[TASK REQUIREMENTS]
Where a line below holds the string "Hotel", that line goes into the answer.

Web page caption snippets
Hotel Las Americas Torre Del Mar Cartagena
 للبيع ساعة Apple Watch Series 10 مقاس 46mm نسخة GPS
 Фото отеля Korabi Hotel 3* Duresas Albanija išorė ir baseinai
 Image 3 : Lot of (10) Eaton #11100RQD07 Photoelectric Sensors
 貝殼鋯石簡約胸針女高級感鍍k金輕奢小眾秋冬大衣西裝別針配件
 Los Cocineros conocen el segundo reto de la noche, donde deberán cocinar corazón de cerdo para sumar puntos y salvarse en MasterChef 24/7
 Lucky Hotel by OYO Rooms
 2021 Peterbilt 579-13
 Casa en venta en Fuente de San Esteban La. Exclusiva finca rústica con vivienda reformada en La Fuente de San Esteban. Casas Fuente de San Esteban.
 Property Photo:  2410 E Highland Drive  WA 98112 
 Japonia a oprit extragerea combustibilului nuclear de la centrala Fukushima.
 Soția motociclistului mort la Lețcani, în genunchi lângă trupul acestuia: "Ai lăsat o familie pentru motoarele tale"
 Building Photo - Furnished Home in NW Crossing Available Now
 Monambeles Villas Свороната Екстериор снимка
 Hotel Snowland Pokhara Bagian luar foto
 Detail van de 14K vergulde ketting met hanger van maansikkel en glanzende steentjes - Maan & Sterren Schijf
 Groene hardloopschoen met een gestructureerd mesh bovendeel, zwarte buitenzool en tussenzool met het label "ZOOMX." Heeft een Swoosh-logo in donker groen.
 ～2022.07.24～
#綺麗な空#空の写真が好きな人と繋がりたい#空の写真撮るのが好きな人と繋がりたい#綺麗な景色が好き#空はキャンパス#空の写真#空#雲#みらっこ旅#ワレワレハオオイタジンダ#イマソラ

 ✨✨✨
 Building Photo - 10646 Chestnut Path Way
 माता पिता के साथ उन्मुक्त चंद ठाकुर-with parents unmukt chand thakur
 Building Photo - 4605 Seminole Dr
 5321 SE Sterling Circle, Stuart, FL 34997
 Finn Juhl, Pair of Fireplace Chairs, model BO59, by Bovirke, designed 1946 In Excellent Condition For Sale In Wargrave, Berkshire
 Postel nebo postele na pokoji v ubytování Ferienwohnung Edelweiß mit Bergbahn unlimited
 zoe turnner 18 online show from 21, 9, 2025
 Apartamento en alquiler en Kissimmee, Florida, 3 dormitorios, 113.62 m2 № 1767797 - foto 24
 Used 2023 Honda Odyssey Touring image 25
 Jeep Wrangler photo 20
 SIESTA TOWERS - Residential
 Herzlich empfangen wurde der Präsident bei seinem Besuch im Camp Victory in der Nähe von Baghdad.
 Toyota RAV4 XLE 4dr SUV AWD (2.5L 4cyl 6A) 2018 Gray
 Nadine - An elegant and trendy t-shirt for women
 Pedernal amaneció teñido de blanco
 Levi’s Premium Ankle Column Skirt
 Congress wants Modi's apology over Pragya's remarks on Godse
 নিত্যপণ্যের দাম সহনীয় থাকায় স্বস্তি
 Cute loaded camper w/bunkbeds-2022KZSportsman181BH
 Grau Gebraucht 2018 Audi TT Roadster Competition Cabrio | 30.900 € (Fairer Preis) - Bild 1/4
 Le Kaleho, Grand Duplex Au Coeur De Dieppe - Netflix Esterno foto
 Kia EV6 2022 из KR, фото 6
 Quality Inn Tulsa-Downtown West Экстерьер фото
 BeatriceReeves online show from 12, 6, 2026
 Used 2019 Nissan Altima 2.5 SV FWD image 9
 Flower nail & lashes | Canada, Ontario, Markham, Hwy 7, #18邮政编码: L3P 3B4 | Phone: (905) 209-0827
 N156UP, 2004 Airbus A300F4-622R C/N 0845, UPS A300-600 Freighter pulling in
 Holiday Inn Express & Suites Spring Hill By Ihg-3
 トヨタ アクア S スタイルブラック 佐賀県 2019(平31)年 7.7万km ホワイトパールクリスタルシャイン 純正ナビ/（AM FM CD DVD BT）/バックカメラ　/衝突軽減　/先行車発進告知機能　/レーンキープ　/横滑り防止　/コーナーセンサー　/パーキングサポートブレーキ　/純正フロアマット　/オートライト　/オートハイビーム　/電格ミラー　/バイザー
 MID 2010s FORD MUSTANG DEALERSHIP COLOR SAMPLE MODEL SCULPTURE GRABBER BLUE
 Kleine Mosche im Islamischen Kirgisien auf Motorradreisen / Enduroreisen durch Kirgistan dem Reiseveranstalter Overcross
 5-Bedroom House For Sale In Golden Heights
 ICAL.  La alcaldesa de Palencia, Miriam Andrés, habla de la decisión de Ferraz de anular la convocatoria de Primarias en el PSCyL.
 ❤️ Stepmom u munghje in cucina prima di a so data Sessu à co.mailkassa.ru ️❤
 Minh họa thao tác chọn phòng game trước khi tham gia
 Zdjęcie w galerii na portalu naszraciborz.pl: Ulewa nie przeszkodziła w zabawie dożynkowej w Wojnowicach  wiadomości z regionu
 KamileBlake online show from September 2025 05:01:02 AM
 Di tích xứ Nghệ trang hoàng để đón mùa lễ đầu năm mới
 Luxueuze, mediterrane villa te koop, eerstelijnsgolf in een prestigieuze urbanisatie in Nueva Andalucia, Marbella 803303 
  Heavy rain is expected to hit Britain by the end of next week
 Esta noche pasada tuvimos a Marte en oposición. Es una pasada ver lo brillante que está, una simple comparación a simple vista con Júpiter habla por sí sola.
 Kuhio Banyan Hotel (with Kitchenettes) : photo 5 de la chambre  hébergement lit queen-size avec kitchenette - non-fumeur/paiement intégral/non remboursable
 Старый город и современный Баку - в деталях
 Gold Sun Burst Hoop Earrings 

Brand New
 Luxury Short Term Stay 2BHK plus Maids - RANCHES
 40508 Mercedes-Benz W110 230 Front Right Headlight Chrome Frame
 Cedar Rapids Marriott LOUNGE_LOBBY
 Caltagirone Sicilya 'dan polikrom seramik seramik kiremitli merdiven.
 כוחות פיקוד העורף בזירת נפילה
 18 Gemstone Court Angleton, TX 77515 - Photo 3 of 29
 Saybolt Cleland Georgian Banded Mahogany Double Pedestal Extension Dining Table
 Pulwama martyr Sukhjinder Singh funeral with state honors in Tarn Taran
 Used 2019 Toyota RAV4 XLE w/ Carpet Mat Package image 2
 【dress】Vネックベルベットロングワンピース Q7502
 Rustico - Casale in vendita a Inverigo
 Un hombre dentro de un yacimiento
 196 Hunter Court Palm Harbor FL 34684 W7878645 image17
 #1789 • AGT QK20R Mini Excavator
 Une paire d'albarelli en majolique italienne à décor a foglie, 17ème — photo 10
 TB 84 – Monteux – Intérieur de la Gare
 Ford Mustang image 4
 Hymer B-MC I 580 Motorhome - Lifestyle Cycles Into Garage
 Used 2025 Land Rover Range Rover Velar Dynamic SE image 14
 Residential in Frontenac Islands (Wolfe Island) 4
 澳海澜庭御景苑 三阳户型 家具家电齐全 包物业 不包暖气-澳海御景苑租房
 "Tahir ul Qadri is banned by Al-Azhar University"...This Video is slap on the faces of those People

[TASK ANSWER]
Hotel Las Americas Torre Del Mar Cartagena
 Фото отеля Korabi Hotel 3* Duresas Albanija išorė ir baseinai
 Lucky Hotel by OYO Rooms
 Hotel Snowland Pokhara Bagian luar foto
 Kuhio Banyan Hotel (with Kitchenettes) : photo 5 de la chambre  hébergement lit queen-size avec kitchenette - non-fumeur/paiement intégral/non remboursable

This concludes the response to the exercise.